■ The task ■
From the data below, copy each line that includes the word "light".

--

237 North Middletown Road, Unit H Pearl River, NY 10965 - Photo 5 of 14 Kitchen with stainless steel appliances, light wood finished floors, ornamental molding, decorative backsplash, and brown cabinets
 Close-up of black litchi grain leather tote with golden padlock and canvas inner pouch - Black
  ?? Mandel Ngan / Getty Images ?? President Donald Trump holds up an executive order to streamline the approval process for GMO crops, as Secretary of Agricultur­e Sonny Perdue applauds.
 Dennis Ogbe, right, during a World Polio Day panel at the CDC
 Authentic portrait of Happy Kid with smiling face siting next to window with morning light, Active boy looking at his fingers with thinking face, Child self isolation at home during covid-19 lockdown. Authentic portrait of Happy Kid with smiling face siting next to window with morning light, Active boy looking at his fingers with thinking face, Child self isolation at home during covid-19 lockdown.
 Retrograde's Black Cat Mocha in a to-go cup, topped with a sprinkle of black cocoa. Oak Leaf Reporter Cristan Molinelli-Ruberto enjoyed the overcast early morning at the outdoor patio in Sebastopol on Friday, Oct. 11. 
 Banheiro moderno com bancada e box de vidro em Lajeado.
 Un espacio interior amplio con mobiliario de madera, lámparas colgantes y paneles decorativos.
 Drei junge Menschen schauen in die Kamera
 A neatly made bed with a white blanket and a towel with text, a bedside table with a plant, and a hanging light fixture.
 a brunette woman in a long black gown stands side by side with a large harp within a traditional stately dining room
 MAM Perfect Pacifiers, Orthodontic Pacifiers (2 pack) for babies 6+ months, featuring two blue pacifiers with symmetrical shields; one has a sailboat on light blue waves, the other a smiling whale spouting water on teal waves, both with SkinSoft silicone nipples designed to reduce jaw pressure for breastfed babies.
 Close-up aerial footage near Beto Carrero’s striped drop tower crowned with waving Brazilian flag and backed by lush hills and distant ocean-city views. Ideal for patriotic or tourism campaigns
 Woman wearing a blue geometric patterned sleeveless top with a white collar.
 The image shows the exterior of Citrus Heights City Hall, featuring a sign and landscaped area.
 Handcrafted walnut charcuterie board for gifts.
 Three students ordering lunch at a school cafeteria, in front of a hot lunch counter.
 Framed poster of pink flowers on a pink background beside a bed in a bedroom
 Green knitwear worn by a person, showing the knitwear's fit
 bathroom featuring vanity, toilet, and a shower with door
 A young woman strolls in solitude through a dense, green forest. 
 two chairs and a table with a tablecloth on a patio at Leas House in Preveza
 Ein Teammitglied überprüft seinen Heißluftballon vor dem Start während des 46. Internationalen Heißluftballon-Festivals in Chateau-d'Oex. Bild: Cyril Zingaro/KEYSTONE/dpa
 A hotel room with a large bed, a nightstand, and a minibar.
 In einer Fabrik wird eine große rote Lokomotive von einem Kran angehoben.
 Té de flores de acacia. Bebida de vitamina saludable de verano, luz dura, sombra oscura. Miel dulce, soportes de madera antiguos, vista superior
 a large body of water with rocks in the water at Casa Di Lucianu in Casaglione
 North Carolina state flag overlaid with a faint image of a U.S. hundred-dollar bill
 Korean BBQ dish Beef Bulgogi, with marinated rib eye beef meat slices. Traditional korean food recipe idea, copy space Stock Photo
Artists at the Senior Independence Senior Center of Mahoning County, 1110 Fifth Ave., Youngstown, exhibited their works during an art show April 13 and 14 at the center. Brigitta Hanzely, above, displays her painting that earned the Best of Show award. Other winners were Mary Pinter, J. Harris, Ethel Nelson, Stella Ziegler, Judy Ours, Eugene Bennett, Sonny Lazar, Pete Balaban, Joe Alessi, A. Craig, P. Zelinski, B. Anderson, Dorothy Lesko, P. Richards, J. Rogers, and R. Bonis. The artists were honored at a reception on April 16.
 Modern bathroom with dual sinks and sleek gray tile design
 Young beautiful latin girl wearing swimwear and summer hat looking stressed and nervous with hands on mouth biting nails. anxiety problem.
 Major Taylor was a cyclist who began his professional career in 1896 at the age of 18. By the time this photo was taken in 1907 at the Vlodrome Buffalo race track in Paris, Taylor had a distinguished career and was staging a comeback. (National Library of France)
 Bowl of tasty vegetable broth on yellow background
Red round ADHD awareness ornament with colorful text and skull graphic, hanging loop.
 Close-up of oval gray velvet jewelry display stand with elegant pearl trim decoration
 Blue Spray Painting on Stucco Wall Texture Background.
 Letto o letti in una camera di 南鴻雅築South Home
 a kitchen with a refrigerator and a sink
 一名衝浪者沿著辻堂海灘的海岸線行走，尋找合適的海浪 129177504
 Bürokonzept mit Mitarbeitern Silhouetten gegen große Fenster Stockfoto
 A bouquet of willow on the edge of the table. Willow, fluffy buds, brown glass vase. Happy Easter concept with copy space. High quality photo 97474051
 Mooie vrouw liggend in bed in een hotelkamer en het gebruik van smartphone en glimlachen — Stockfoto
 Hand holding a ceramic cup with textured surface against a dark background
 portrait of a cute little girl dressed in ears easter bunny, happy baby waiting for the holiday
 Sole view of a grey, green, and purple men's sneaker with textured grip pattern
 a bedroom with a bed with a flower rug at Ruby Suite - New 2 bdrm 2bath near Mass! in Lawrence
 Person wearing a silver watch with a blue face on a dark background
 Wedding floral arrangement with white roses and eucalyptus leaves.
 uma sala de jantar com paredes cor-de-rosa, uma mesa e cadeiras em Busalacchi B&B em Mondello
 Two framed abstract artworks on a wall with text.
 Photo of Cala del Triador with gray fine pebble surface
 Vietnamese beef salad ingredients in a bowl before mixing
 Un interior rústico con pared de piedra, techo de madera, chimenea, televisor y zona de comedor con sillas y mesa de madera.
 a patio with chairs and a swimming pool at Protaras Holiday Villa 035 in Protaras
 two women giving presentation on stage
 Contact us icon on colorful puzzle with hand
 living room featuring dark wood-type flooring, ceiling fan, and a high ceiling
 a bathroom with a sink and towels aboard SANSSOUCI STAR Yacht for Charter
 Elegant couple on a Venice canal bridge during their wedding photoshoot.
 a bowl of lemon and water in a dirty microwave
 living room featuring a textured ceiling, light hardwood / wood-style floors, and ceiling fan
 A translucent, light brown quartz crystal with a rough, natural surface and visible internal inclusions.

--

■ Exercise solution ■
237 North Middletown Road, Unit H Pearl River, NY 10965 - Photo 5 of 14 Kitchen with stainless steel appliances, light wood finished floors, ornamental molding, decorative backsplash, and brown cabinets
 Authentic portrait of Happy Kid with smiling face siting next to window with morning light, Active boy looking at his fingers with thinking face, Child self isolation at home during covid-19 lockdown. Authentic portrait of Happy Kid with smiling face siting next to window with morning light, Active boy looking at his fingers with thinking face, Child self isolation at home during covid-19 lockdown.
 A neatly made bed with a white blanket and a towel with text, a bedside table with a plant, and a hanging light fixture.
 MAM Perfect Pacifiers, Orthodontic Pacifiers (2 pack) for babies 6+ months, featuring two blue pacifiers with symmetrical shields; one has a sailboat on light blue waves, the other a smiling whale spouting water on teal waves, both with SkinSoft silicone nipples designed to reduce jaw pressure for breastfed babies.
 living room featuring a textured ceiling, light hardwood / wood-style floors, and ceiling fan
 A translucent, light brown quartz crystal with a rough, natural surface and visible internal inclusions.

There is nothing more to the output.